SECURITIES AND EXCHANGE COMMISSION

Washington, D.C. 20549

 

 

FORM 8-K

 

 

CURRENT REPORT

Pursuant to Section 13 or 15(d) of the

Securities Exchange Act of 1934

Date of Report (Date of earliest event reported): August 1, 2011 (July 29, 2011)

 

 

NTELOS HOLDINGS CORP.

(Exact Name of Registrant as Specified in Charter)

 

 

 

Delaware   000-51798   36-4573125

(State or Other Jurisdiction

of Incorporation)

 

(Commission

File Number)

 

(IRS Employer

Identification No.)

401 Spring Lane, Suite 300, PO Box 1990, Waynesboro, Virginia 22980

(Address of Principal Executive Offices) (Zip Code)

(540) 946-3500

(Registrant’s telephone number, including area code)

N/A

(Former name or former address, if changed since last report)

 

 

Check the appropriate box below if the Form 8-K filing is intended to simultaneously satisfy the filing obligation of the registrant under any of the following provisions (see General Instruction A.2. below):

 

¨ Written communications pursuant to Rule 425 under the Securities Act (17 CFR 230.425)

 

¨ Soliciting material pursuant to Rule 14a-12 under the Exchange Act (17 CFR 240.14a-12)

 

¨ Pre-commencement communications pursuant to Rule 14d-2(b) under the Exchange Act (17 CFR 240.14d-2(b))

 

¨ Pre-commencement communications pursuant to Rule 13e-4(c) under the Exchange Act (17 CFR 240.13e-4(c))

 

 

 


5.02. Departure of Directors or Certain Officers; Election of Directors; Appointment of Certain Officers; Compensatory Arrangements of Certain Officers.

Executive Officer Changes

On August 1, 2011, NTELOS Holdings Corp. (the “Company”) announced that its Board of Directors has appointed Michael B. Moneymaker, the Company’s current Executive Vice President, Chief Financial Officer, Treasurer and Secretary, as President and Chief Financial Officer of the Company’s wireline business, effective upon the spin-off of the Company’s wireline business into an independent, publicly traded company. Mr. Moneymaker would serve on the wireline business board of directors following the spin-off. The Company also announced that its Board of Directors intends for Mr. Moneymaker to succeed James A. Hyde as the Chief Executive Officer of the wireline business following a post spin-off transition period and that Mr. Hyde would continue to serve on the wireline business’s board of directors after the transition period.

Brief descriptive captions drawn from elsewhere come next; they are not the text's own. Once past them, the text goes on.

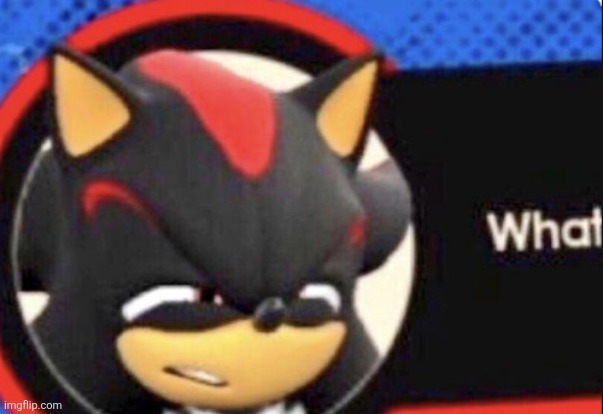 Shadow: What? | image tagged in shadow what | made w/ Imgflip meme maker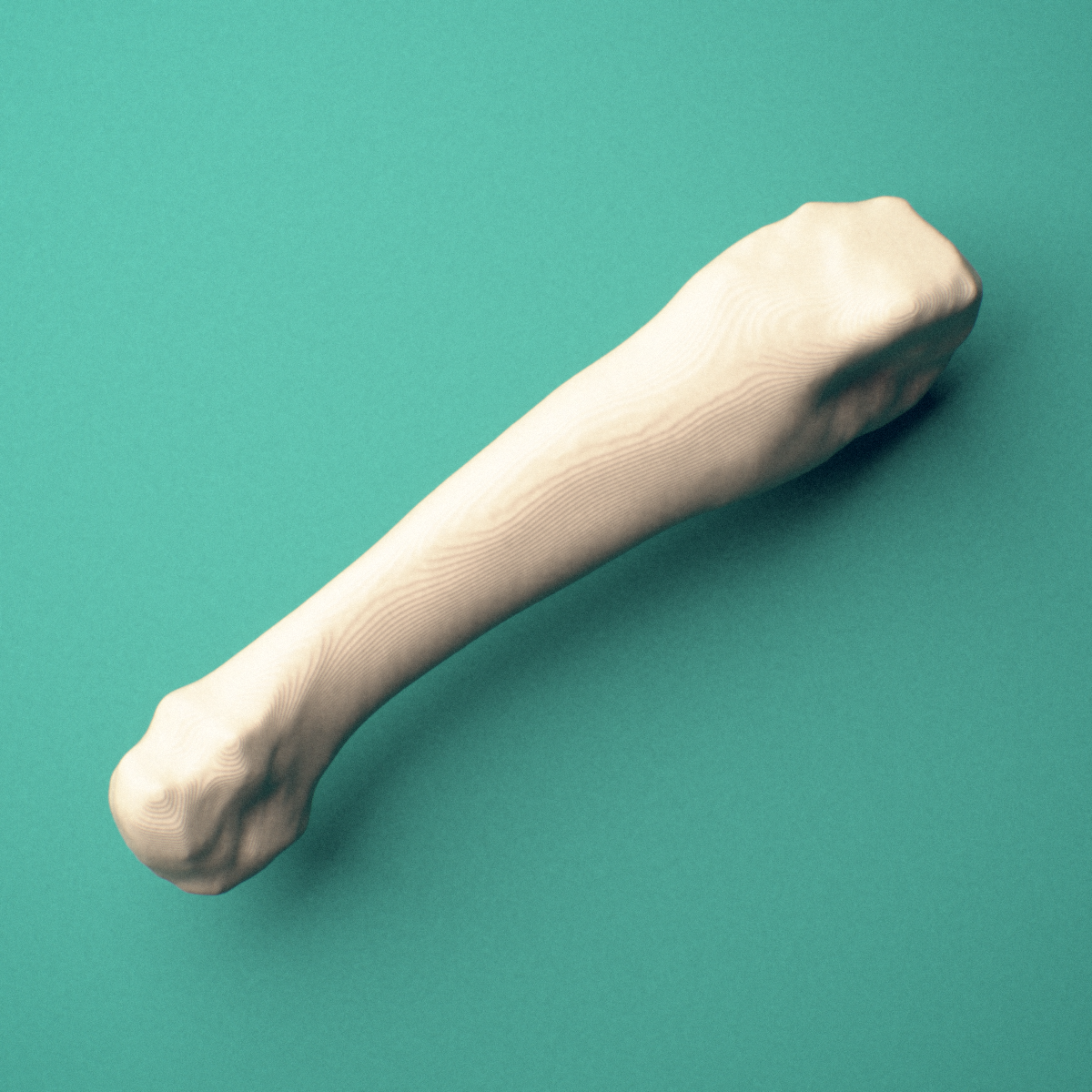 3D-printed Left fourth metatarsal (foot), oblique view showing the base and head.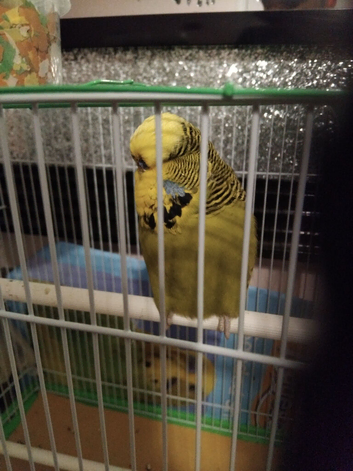 8 Months old buggie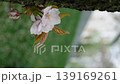 Cherry blossoms blooming on the trunk of a cherry tree, with the scattered petals blurred in the photograph. 139169261
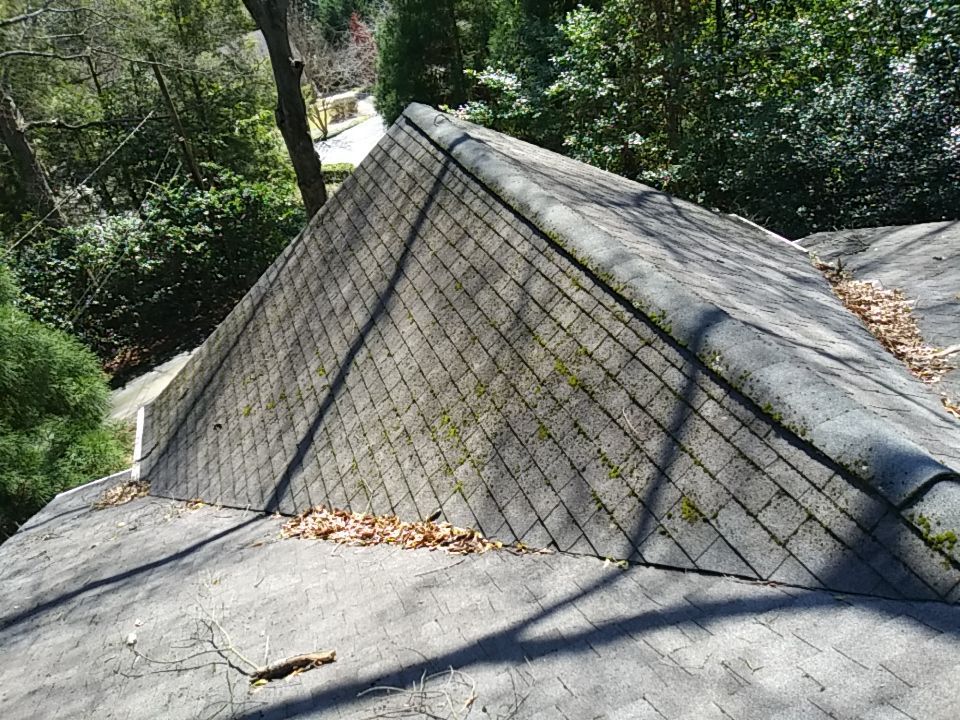 Resolving Leaks and Moss Growth by Georgia Roof Advisors
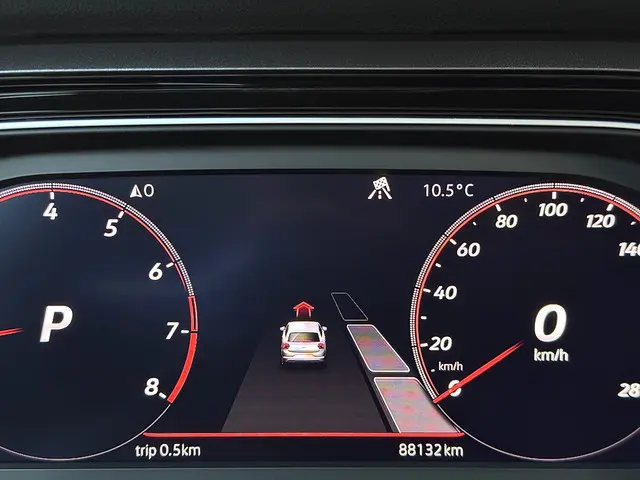 Volkswagen Polo 2.0 TSI GTI 2019 Benzine 11
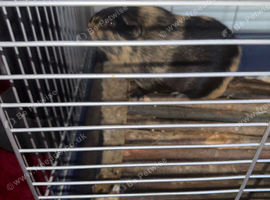 Male guinea pigs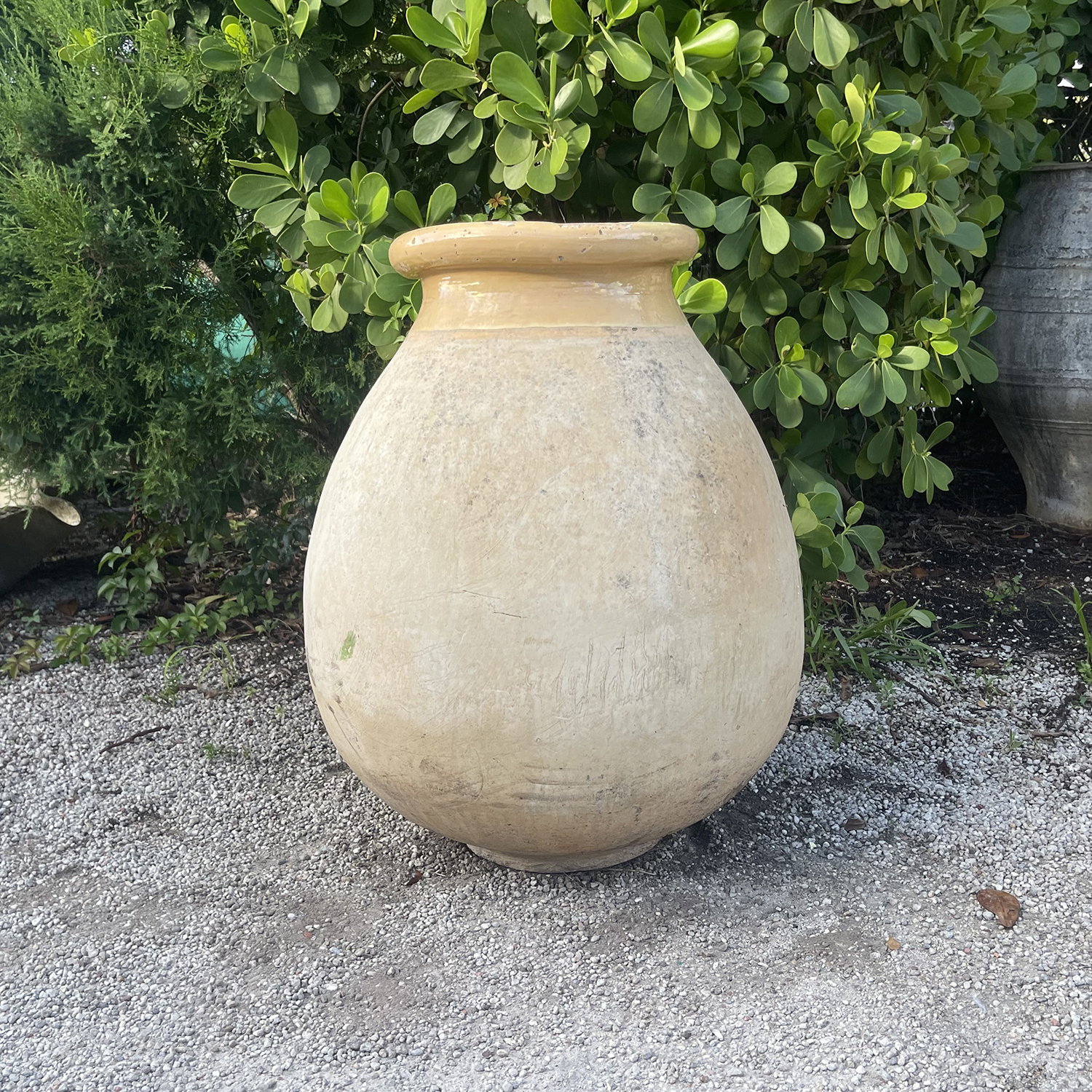 19th Century French Biot Olive Jar in Earthenware from Provence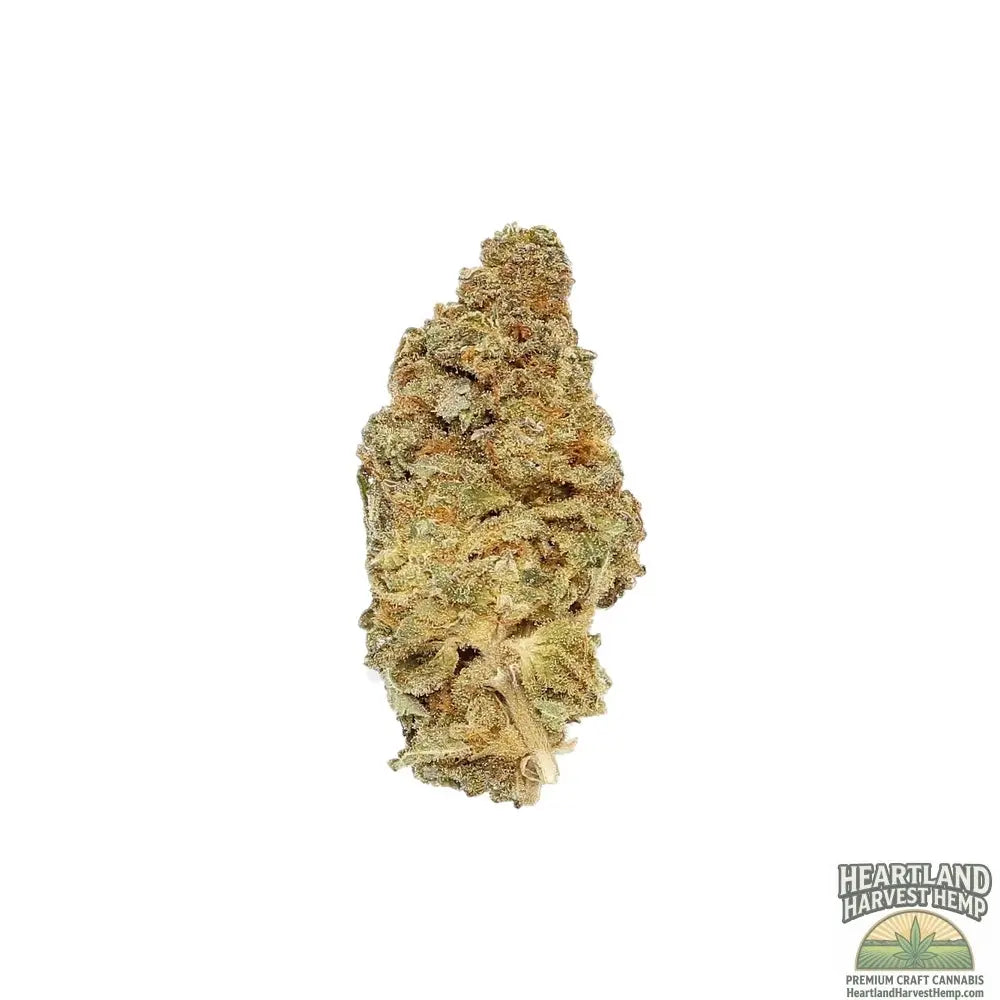 Cbd God Bud Dried Cannabis Flower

In addition, on August 1, 2011, the Company announced the appointment of Stebbins B. Chandor, Jr., age 51, as the Company’s Executive Vice President. The Company also announced that the Board of Directors intends for Mr. Chandor to succeed Mr. Moneymaker as the Company’s Executive Vice President, Chief Financial Officer, Treasurer and Secretary upon the effective date of the spin-off of the Company’s wireline business.

Mr. Chandor served as Executive Vice President and Chief Financial Officer of iPCS, Inc. (“iPCS”) from March 2004 to December 4, 2009, the closing date of Sprint Nextel Corporation’s acquisition of iPCS. Previously Mr. Chandor served in other executive management positions with iPCS and with Metro One Telecommunications, Inc. From June 1985 to August 1995, Mr. Chandor served in various corporate finance capacities with BA Securities, Inc., a wholly owned subsidiary of BankAmerica Corporation, and affiliated or predecessor firms.

Additionally, Mary McDermott, the Company’s Senior Vice President, Legal and Regulatory Affairs, will leave the Company upon the spin-off and will assume the same role for the wireline business.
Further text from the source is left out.